KSAM FILE STRUCTURE [ KSAM/3000 Reference Manual ] MPE/iX 5.0 Documentation
KSAM/3000 Reference Manual
KSAM FILE STRUCTURE
A KSAM/3000 file is two physical files: a data file and a key file. The
data file portion of a KSAM file contains all the data in the file and
contains nothing but the data. Data records are written to the data file
in the order in which they are received from a program. (The last record
added is always written to the end of the file.) This chronological
order is not necessarily in sequence by key value. At the time the file
is opened, you can specify that records must be written in primary key
sequence, but the default mode is to write records in any order.
The key file portion of a KSAM file contains the key entries that
maintain the sequence of the data records. As a data record is written
to the data file, a key entry is added for each key defined for the file,
and the sequential connections between key entries maintained. This
means that if there is a primary key and two alternate keys, three key
entries are added with each new data record, and three sets of pointers
are updated to reflect the new key sequence of each key.
The structure of the data file is like that of any MPE file. Data
records may be fixed or variable in length. If fixed, each record is the
size specified when the file is created (default size is equivalent to
one 128-word disc sector). If variable, the actual size of each record
is included in the record itself, and the maximum size of any record is
used to determine the blocking. By default, data records are blocked one
record per block.
The structure of the key file is more complex. The key file is organized
so that locating a particular key requires the least number of accesses.
For this purpose, the key files are organized in a particular structure
known as a "B-Tree".1
Described in "Organization and Maintenance of Large Ordered Indexes"

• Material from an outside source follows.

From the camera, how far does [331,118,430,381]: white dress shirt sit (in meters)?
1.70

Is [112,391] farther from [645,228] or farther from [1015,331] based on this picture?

Bayer and McCreight, Acta Informatica, Springer Verlag,1972, pp 173-189.
B-tree structure has two main advantages:
* The number of file accesses is limited to the number of levels in the
tree. If there are two levels, no more than two reads of the key
file are needed to locate a particular key.
* The key file is balanced. This means that each level pointer
associated with a particular key value points to approximately as
many higher key values as lower key values at the next level of the
tree.
B-tree structure in general is discussed below, followed by a discussion
of how KSAM key files use this structure.
B-TREE STRUCTURE
In a B-tree, there is always one root level block that points to blocks
at a lower level. At the lowest level, the blocks are called leaves and
they do not reference another level. In a two-level structure (see
Figure B-1), the blocks at the second level all "leaves". If the tree
has more than two levels, intermediate blocks (nodes or branches) are
referenced by a higher level and themselves reference a lower level.
Unless this lower level is a leaf, it also references a lower level.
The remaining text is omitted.